**Task to complete**
Nothing but the lines below from the one containing "Men's Western-style Solid" through the one containing "Luxe Green Crystal Drop Earring" should appear in the answer, exact and without pictures.

**Exercise inputs**
━━━━━━━━━━

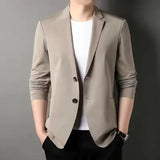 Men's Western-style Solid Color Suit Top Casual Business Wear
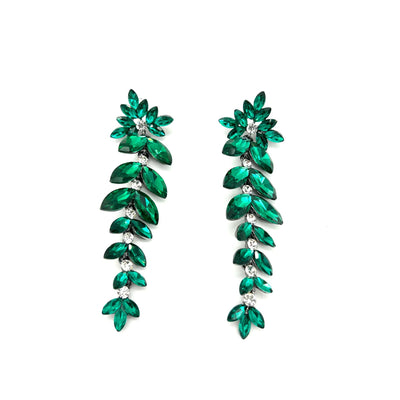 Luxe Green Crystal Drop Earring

━━━━━━━━━━

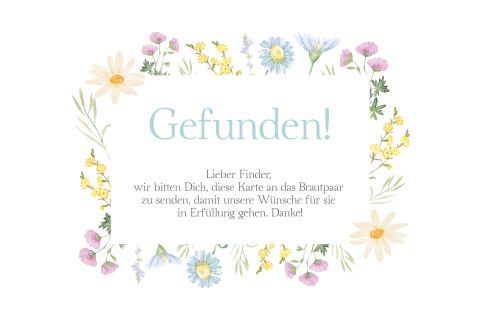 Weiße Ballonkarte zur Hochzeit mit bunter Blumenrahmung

━━━━━━━━━━

**Exercise answer**
 Men's Western-style Solid Color Suit Top Casual Business Wear
 Luxe Green Crystal Drop Earring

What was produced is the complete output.